An early enrollee but likely redshirt in 2017, Katoa will bulk up a bit more as he looks to fill a prominent role in 2018 and beyond.

If Katoa does see the field in 2017, it will likely be on special teams where his athleticism will create havoc for USC’s opponents.

Damon Johnson | Longsnapper

How in the world could a 2-star prospect not only make this list but also a list for the most likely to see playing time in 2017?

Yet that is the circumstance for longsnapper Damon Johnson who will attempt to fill the shoes for the now departed Zach Smith, whose greatest claim to fame is that Trojan fans never heard his name associated with errant snaps.

Johnson, who is a top-notch snapper, will see the field from the get-go and if he can replicate the anonymity of his predecessor, Clay Helton and company will be to have spent the scholarship on the specialist.

Brandon Pili | Defensive Tackle

While Jay Tufele and Marlon Tuipolotu grabbed all the headlines as high profile defensive tackle signees, Portland, Oregon tackle Brandon Pili just might wind up being the best of them all.

Prior to finishing his prep career in Oregon last year, Pili played in relative obscurity in Alaska dominating lesser known competition as a 6-foot-4, 310-pound beast in the trenches.

Though raw and very likely to take a redshirt in 2017, Pili has the size and athleticism to be a force for the Trojans in the future. Defensive line coach Kenechi Udeze—who recruited Pili—must be salivating at young Brandon’s immense potential.

Juliano Falaniko | Linebacker

Speaking of toiling in obscurity, Pago Pago, American Samoa linebacker Juliano Falaniko is yet another player who just oozes potential.

At 6-foot-4, 220 pounds, Falaniko was athletic enough to play multiple positions for his high school team including wide receiver.

Possessing great lateral speed and excellent football instincts, Falaniko is raw and will likely get a redshirt in 2017 but linebackers coach Johnny Nansen will get to mold a player who can make a big difference in 2018 and beyond.
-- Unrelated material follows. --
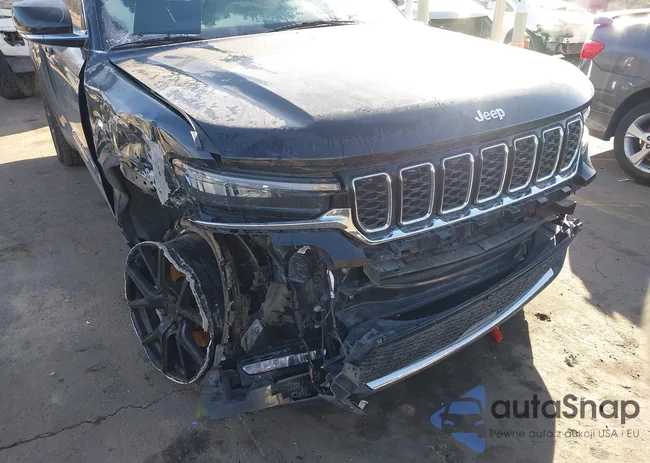 1C4RJHBG2PC523624: 44197435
Je’Quari Godfrey | Cornerback

Defensive coordinator and cornerbacks coach Clancy Pendergast loves tall corners and at 6-foot-2, Je’Quary Godfrey certainly fits the bill.
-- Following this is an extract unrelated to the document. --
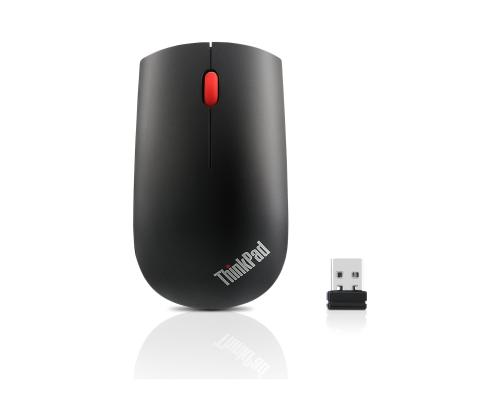 LENOVO ThinkPad Essential Wireless Mouse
Coming from prep football royalty at Oakland’s Bishop O’Dowd high school, Godfrey—a former Cal verbal commit—was swayed to flip to USC after a recruiting visit on the weekend of Jan. 13.

Though only rated a three-star prospect, Godfrey’s size—and yes, potential—made him a must get for USC in the 2017 class as he was the Trojans’ only corner in the class prior to the commitment of Greg Johnson on LOI signing day.
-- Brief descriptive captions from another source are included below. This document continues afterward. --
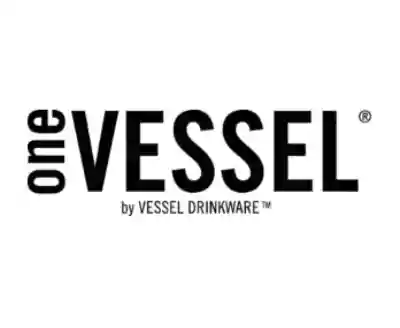 Shop One Vessel coupon codes logo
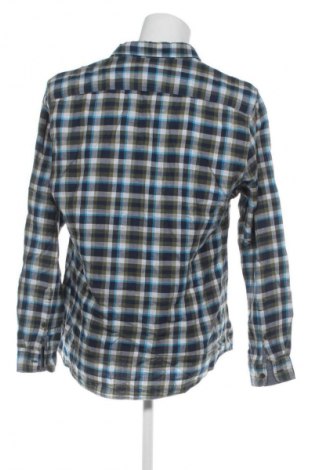 Herrenhemd Esprit, Größe XL, Farbe Mehrfarbig, Preis 10,99 €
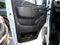 2026 Mercedes-Benz Sprinter 2500 Cargo 170 WB High Roof
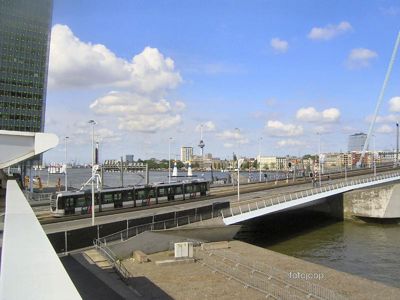 Foto 128 uit red bull air race r.dam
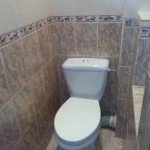 image-65ee9091c3dae4edc059f143e0d21eb55a646bdf1acdddc1b71aa6d46dcbed86-V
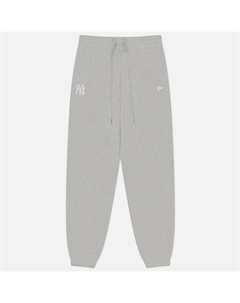 Мужские брюки MLB NY Yankees Essential Joggers New era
Coming off of a knee injury which ended his senior season, Godfrey will have the luxury of time to hone his skills as a likely redshirt prior to seeing the field of play in 2018.

Just missing the cut for this article are defensive end Jacob Lichtenstein, offensive lineman Jalen McKenzie and tight end Erik Krommenhoek, all players with tremendous upside.

Unless you are Alabama, most top recruiting classes sprinkle in three-star prospects among their four and five-star recruits and for USC in the 2017 class, this is also true.

The trick for these programs—and certainly for USC—is to make the most of these lower-rated prospects and this will be the case for the Trojans in this year’s class.

Fortunately for the men of Troy, they have a lot to work with these under rated prospects and if things go right, no one will remember what star designation these players carried as prep players as they excel in their college careers.

And that will put a smile on the faces of those who follow the cardinal and gold for sure.